The 10th also affirmed the d.ct.'s denial of a motion to withdraw the plea because counsel had thoroughly reviewed with the defendant his options prior to the guilty plea.

U.S. v. Dowlin, 2005 WL 1155882 (5/17/05) - It was error for the d.ct. to exclude on hearsay grounds third-party statements regarding the validity of a gold certificate that the investment fraud defendant was accused of falsely claiming was valid. The statements were not introduced to prove their truth but the basis of the defendant's belief in the certificate's authenticity. But, the error was, alas, harmless. Preservation alert! Simply offering evidence is not enough to preserve the issue of its exclusion unless the defendant objects to the exclusion and explains why the evidence is admissible to the d.ct. Exclusion of other evidence was okay because it was irrelevant. It was also not error to deny a continuance to allow testimony because the defendant was not diligent in obtaining the witness sooner, a continuance would have caused lots of inconvenience and the testimony wasn't all that important.

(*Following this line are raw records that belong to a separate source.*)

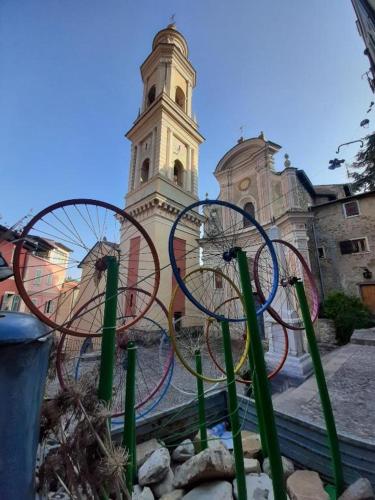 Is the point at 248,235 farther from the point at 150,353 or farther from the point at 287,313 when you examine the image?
the point at 150,353

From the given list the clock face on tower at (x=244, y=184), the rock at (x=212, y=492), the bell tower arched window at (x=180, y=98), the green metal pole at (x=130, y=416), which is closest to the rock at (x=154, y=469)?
the rock at (x=212, y=492)

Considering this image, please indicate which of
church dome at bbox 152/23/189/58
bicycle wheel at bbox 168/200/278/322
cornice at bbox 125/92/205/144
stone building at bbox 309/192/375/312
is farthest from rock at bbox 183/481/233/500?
church dome at bbox 152/23/189/58

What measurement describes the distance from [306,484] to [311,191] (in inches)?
700

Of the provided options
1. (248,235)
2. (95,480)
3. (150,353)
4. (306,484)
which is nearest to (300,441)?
(306,484)

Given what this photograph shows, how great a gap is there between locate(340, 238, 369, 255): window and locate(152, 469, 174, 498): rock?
15.4 metres

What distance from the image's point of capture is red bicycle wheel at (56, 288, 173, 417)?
1900 mm

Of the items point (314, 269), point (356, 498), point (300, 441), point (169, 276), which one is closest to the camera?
point (356, 498)

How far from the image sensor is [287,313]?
685 centimetres

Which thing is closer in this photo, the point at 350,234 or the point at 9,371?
the point at 9,371

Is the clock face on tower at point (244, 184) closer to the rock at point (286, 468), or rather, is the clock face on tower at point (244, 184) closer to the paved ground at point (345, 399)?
the paved ground at point (345, 399)

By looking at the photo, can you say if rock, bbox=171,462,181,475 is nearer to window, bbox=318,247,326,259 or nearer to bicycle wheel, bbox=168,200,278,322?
bicycle wheel, bbox=168,200,278,322

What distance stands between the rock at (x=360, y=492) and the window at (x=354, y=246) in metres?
14.4

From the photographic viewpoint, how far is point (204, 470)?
2264 millimetres

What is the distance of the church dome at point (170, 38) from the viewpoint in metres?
16.6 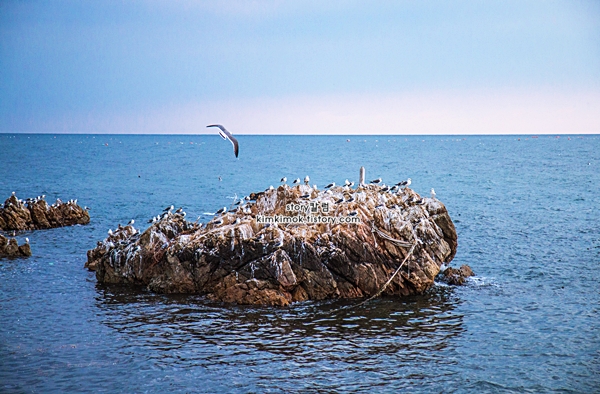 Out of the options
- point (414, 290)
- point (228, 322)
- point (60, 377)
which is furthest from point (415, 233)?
point (60, 377)

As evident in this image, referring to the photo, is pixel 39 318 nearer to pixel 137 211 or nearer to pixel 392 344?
pixel 392 344

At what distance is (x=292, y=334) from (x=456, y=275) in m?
11.6

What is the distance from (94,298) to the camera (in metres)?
27.0

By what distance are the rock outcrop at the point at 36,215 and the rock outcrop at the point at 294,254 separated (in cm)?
1569

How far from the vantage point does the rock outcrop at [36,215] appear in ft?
139

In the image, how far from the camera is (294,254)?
26922mm

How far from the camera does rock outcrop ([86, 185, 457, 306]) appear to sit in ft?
87.4

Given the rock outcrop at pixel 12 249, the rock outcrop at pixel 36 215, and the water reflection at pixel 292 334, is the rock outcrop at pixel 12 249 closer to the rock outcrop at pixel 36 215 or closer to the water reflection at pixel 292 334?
the rock outcrop at pixel 36 215

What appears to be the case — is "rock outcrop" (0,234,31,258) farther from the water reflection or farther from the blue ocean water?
the water reflection

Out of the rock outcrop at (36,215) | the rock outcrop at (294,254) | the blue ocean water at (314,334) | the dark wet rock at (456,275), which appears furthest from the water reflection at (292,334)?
the rock outcrop at (36,215)

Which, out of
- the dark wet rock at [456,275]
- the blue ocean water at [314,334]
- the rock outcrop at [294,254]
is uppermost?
the rock outcrop at [294,254]

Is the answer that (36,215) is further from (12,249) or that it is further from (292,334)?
(292,334)

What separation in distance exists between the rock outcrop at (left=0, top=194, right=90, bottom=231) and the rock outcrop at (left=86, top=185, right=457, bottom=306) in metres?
15.7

The 10th disapproved of a portion of the reasonable doubt instruction that said: "if you view the evidence as reasonably permitting two inferences , innocence or guilt, you should choose innocence." The instruction suggests the preponderance of the evidence standard is relevant. However, no reversal because the instruction as a whole left the jury with the correct impression. It was okay to use "should" in one sentence and to use the terms "not guilty" and "innocent" interchangeably. Viewed as a whole the instruction properly required the jury to find intent to defraud.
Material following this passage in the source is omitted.